Os crimes de violência doméstica podem ser registrados em qualquer delegacia, caso não haja uma Delegacia da Mulher próxima à vítima. Em casos de risco à vida da mulher ou de seus familiares, uma medida protetiva pode ser solicitada pelo delegado de polícia, no momento do registro de ocorrência, ou diretamente à Justiça pela vítima ou sua advogada. Disponível em: https://www.uol.com.br/universa/noticias/ redacao/2021/07/29/pacote-anticrime-uso-de-imagem-dj-ivis. htm?cmpid. Acesso em: 30 jul. 2021. Medida protetiva, conforme descrito no texto se refere a:
- A)Ações de origem policial destinadas a garantir a segurança de mulheres vítimas de violência doméstica.

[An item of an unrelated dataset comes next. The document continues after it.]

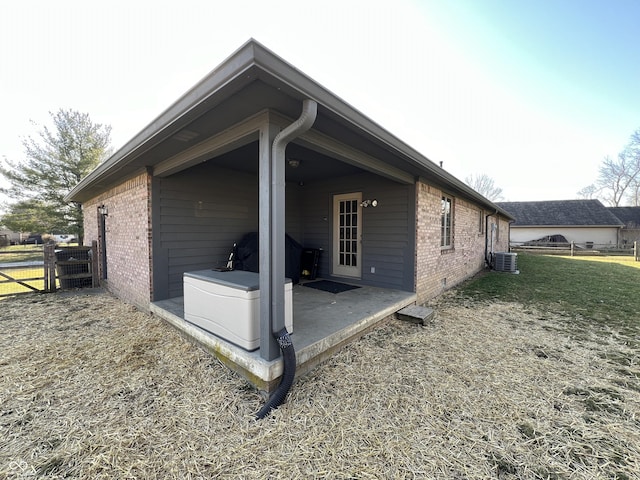 view of side of property featuring a patio, cooling unit, fence, a lawn, and brick siding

Errada, porque medida protetiva não é uma ação de origem policial, e sim uma providência judicial que pode ser solicitada pela polícia ou pela vítima.
- B)Decisão expedida por delegados de polícia em face de registro de ocorrência quando se considera necessária a proteção.
Errada, porque o delegado pode pedir ou encaminhar a medida, mas não é ele quem a expede como decisão final.
- C)Determinação judicial que tem por objetivo proteger qualquer pessoa em situação de risco.
Certa, pois a medida protetiva é uma determinação judicial com finalidade de resguardar pessoa em situação de risco, especialmente em contexto de violência doméstica.
- D)Ordem judicial que oferece abrigo especial a mulheres que tem a sua integridade física ameaçada.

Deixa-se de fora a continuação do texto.